8.2.7 Leitlinien, Leitfäden

Die aktualisierte Leitlinie bezieht sich auf die neue Richtlinie 2014/34/EU. Die darin enthaltenen Erläuterungen sind direkt den jeweiligen Artikeln der oben genannten Richtlinie zugeordnet. Die umfangreichen Änderungen können den Leitlinien durch farbliche Markierung direkt entnommen werden. Die Leitlinien liegen zurzeit nur in englischer Sprache vor. Gegenwärtig wird die Übersetzung auf Deutsch vorbereitet. Die vorliegende deutsche Sprachfassung der ATEX-Leitlinien ist die 3. Ausgabe, Juni 2009. Die Übersetzung wurde mit finanzieller Unterstützung des VDMA und des ZVEI realisiert. Die sachliche Übereinstimmung mit der Originalfassung wurde von Mitgliedern des ursprünglichen Autorenteams geprüft. Diese Leitlinien sind als Handbuch für alle Parteien bestimmt, die unmittelbar oder mittelbar von der Richtlinie 94/9/EG bzw. 2014/34/EU, allgemein als ATEX-Produkt-Richtlinie (ATEX = Atmosphres Explosibles = explosionsfähige Atmosphären) bezeichnet, betroffen sind.

Die Leser wurden auf die Tatsache aufmerksam gemacht, dass dieser Leitfaden lediglich dazu dienen soll, die Anwendung der Richtlinie 94/9/EG bzw. 2014/34/EU zu erleichtern, und dass es die relevante nationale Umsetzung des Textes der Richtlinie ist, die rechtsverbindlich ist.
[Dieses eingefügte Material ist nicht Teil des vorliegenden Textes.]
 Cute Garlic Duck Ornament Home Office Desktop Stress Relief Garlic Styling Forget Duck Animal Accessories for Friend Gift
Dieses Dokument stellt jedoch eine Referenz dar, um die einheitliche Anwendung der Richtlinie durch alle Interessenten sicherzustellen. Die Leitlinien sollen helfen, durch Konsens unter den Sachverständigen im Auftrag der Regierungen der Mitgliedstaaten und anderen betroffenen Parteien den freien Warenverkehr in der Europäischen Union sicherzustellen. Weitere Anleitungen, insbesondere hinsichtlich bestimmter Produktbauarten, sind auf der Webseite der Kommission zu finden: http://europa.eu.int/comm/enterprise/atex/standcomm.htm.
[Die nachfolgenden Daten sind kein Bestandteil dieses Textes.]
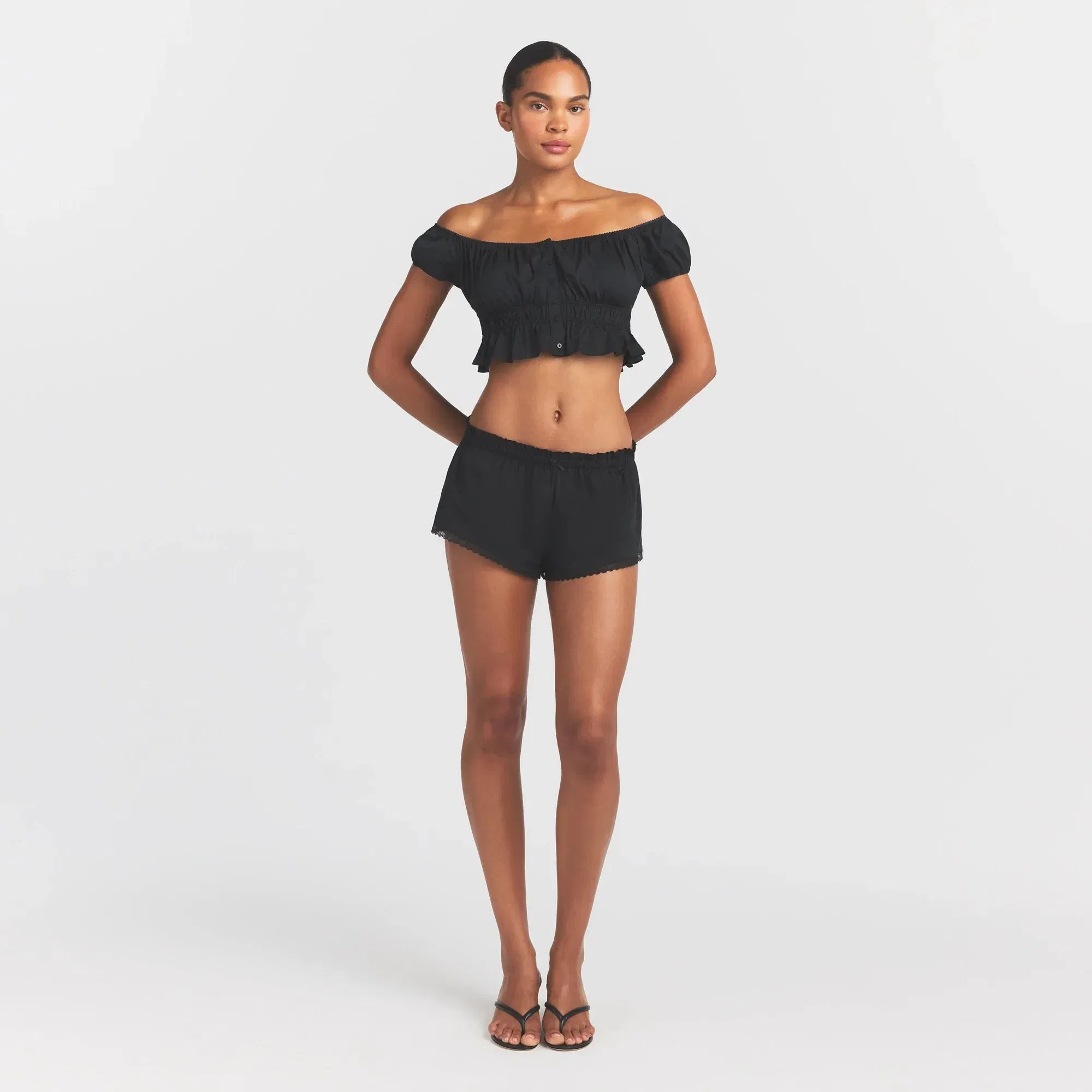 Poplin Apparel Short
Zielsetzung der ATEX-Leitlinien

Die Zielsetzung dieser Leitlinien besteht darin, bestimmte Fragen zu klären und Verfahren zu erläutern, auf die in der Richtlinie 94/9/EG bzw. 2014/34/EU betreffend Geräte und Schutzsysteme zur bestimmungsgemäßen Verwendung in explosionsgefährdeten Bereichen Bezug genommen wird. Diese Leitlinien sollten in Verbindung mit der Richtlinie und mit dem Leitfaden für die Umsetzung der nach dem neuen Konzept und dem Gesamtkonzept verfassten Richtlinien (Blauer Leitfaden) (http://europa.eu.int/comm/enterprise/newapproach/legislation/guide/legislation.htm) der Europäischen Kommission verwendet werden.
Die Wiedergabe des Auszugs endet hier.